Projet d’arrêté pris pour l’application de l’article R. 427-6 du code de l’environnement et fixant la liste, les périodes et les modalités de destruction des espèces susceptibles d’occasionner des dégâts

Consultation du 09/07/2026 au 30/07/2026 - 43685 contributions

Note de présentation :

Le projet d’arrêté soumis à la consultation du public est pris pour l’application de l’article R. 427-6 du code de l’environnement et fixant la liste, les périodes et les modalités de destruction des espèces susceptibles d’occasionner des dégâts.

Introduction :

En application du 2° du I de l’article R. 427-6 du code de l’environnement, il revient au ministre chargé de la chasse de fixer par un arrêté la liste, les périodes et les modalités de destruction des espèces susceptibles d’occasionner des dégâts (ESOD) dites « du groupe 2 ».

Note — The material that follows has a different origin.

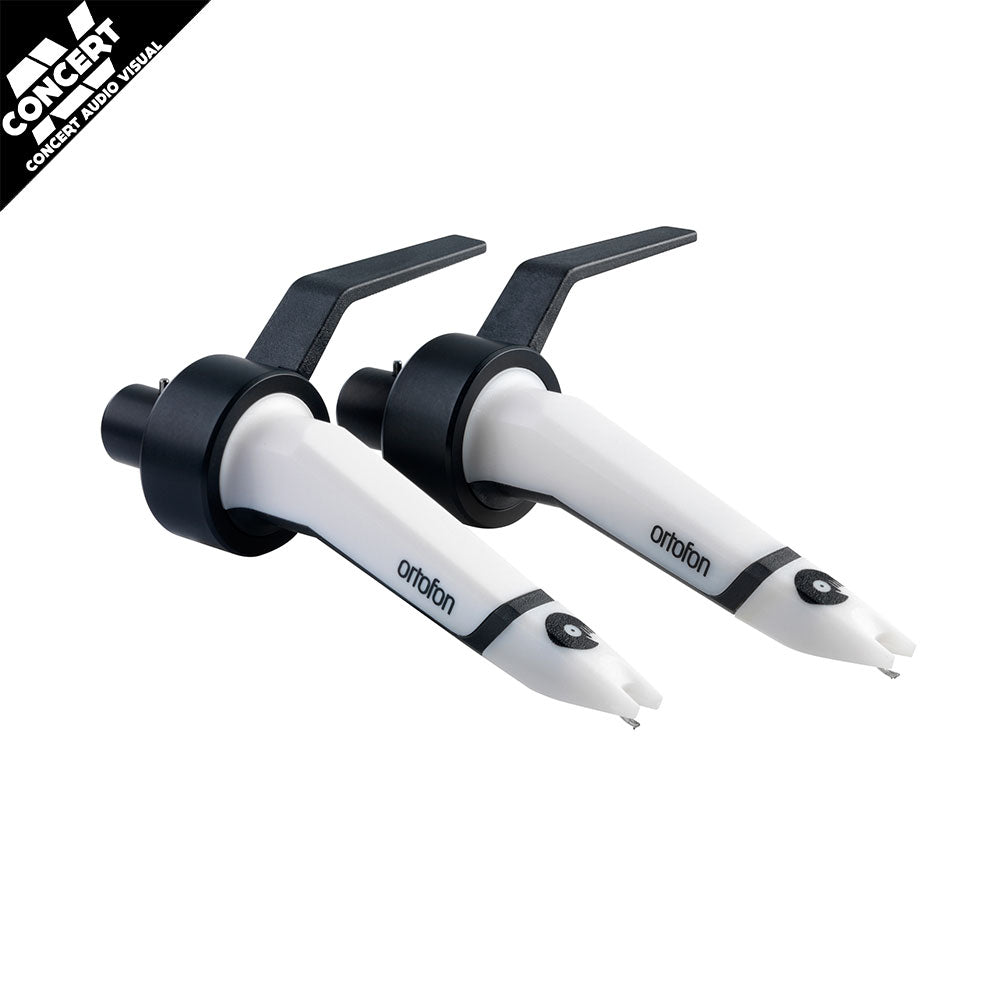 ORTOFON Concorde MKII Scratch Cartridge White-Black Twin Set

Il existe trois groupes d’ESOD définis par l’article R. 427-6 du code de l’environnement. Le premier et le troisième groupe concernent respectivement les espèces non indigènes classées sur l’ensemble du territoire métropolitain par un arrêté ministériel pérenne (Le chien viverrin, le vison d’Amérique, le raton laveur, le ragondin, le rat musqué et la bernache du Canada) et une liste complémentaire définie par un arrêté préfectoral annuel (le sanglier, le lapin de garenne et le pigeon ramier).

Selon ce même article, une espèce peut être classée ESOD pour au moins l’un des quatre motifs suivants :

1° Dans l’intérêt de la santé et de la sécurité publiques ;
2° Pour assurer la protection de la flore et de la faune ;
3° Pour prévenir des dommages importants aux activités agricoles, forestières et aquacoles ;
4° Pour prévenir les dommages importants à d’autres formes de propriété. Le 4° ne s’applique pas aux espèces d’oiseaux.

La liste des ESOD du groupe 2 est fixée pour 3 ans par arrêté ministériel (courant du 1er juillet de la première année au 30 juin de la troisième année). Cet arrêté ministériel est pris sur proposition des préfets de département après avis de la Commission départementale de la chasse et de la faune sauvage (CDCFS) réunie en formation spécialisée sur les ESOD.

Une note technique datée du 8 septembre 2025 a été diffusée aux directions départementales des territoires et de la mer) en vue de l’élaboration des dossiers de demandes préfectorales de classement ministériel d’espèces susceptibles d’occasionner des dégâts (ESOD) du deuxième groupe.

Contexte :

Le précédent arrêté triennal du 3 août 2023 établissant la liste des ESOD du groupe 2 est arrivé à son terme le 1er juillet et doit, à ce titre, être renouvelé à compter de l’entrée en vigueur du présent projet d’arrêté. Il s’agit de la cinquième période de renouvellement des ESOD du 2e groupe : 2012-2015, 2015-2019, 2019-2023, 2023-2026, 2026-2029.

Il n’existe pas de liste prédéterminée d’espèces pouvant être classées ESOD dans le groupe 2, cependant seules des espèces chassables peuvent l’être.

La situation du putois et de la martre des pins a toutefois évolué ces dernières années suite à plusieurs décisions du Conseil d’État.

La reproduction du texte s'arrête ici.